Hazelcast MapReduce Architecture

This section explains some of the internals of the MapReduce framework. This is more advanced information. If you're not interested in how it works internally, you might want to skip this section.

Node Interoperation Example

To understand the following technical internals, we first have a short look at what happens in terms of an example workflow.

As a simple example, think of an IMap<String, Integer> and emitted keys having the same types. Imagine you have a three node cluster and you initiate the MapReduce job on the first node. After you requested the JobTracker from your running / connected Hazelcast, we submit the task and retrieve the ICompletableFuture which gives us a chance to wait for the result to be calculated or to add a callback (and being more reactive).

The example expects that the chunk size is 0 or 1, so an emitted value is directly sent to the reducers. Internally, the job is prepared, started, and executed on all nodes as shown below. The first node acts as the job owner (job emitter).

Node1 starts MapReduce job
Node1 emits key=Foo, value=1
Node1 does PartitionService::getKeyOwner(Foo) => results in Node3

Node2 emits key=Foo, value=14
Node2 asks jobOwner (Node1) for keyOwner of Foo => results in Node3

Node1 sends chunk for key=Foo to Node3

Node3 receives chunk for key=Foo and looks if there is already a Reducer,
      if not creates one for key=Foo
Node3 processes chunk for key=Foo

Node2 sends chunk for key=Foo to Node3

Node3 receives chunk for key=Foo and looks if there is already a Reducer and uses
      the previous one
Node3 processes chunk for key=Foo

Node1 send LastChunk information to Node3 because processing local values finished

Node2 emits key=Foo, value=27
Node2 has cached keyOwner of Foo => results in Node3
Node2 sends chunk for key=Foo to Node3

Node3 receives chunk for key=Foo and looks if there is already a Reducer and uses
      the previous one
Node3 processes chunk for key=Foo

Node2 send LastChunk information to Node3 because processing local values finished

Node3 finishes reducing for key=Foo

Node1 registers its local partitions are processed
Node2 registers its local partitions are processed

Node1 sees all partitions processed and requests reducing from all nodes

Node1 merges all reduced results together in a final structure and returns it

The flow is quite complex but extremely powerful since everything is executed in parallel. Reducers do not wait until all values are emitted, but they immediately begin to reduce (when first chunk for an emitted key arrives).

Internal Architecture

Beginning with the package level, there is one basic package: com.hazelcast.mapreduce. This includes the external API and the impl package which itself contains the internal implementation.

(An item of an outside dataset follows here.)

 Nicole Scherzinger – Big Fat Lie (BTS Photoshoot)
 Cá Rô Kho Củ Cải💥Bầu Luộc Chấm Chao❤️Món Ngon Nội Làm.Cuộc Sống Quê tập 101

  • The impl package contains all the default KeyValueSource implementations and abstract base and support classes for the exposed API.
  • The client package contains all classes that are needed on client and server (node) side when a client offers a MapReduce job.
  • The notification package contains all "notification" or event classes that notify other members about progress on operations.
  • The operation package contains all operations that are used by the workers or job owner to coordinate work and sync partition or reducer processing.
  • The task package contains all classes that execute the actual MapReduce operation. It features the supervisor, mapping phase implementation and mapping and reducing tasks.

MapReduce Job Walk-Through

And now to the technical walk-through: a MapReduce Job is always retrieved from a named JobTracker, which is implemented in NodeJobTracker (extends AbstractJobTracker) and is configured using the configuration DSL. All of the internal implementation is completely ICompletableFuture-driven and mostly non-blocking in design.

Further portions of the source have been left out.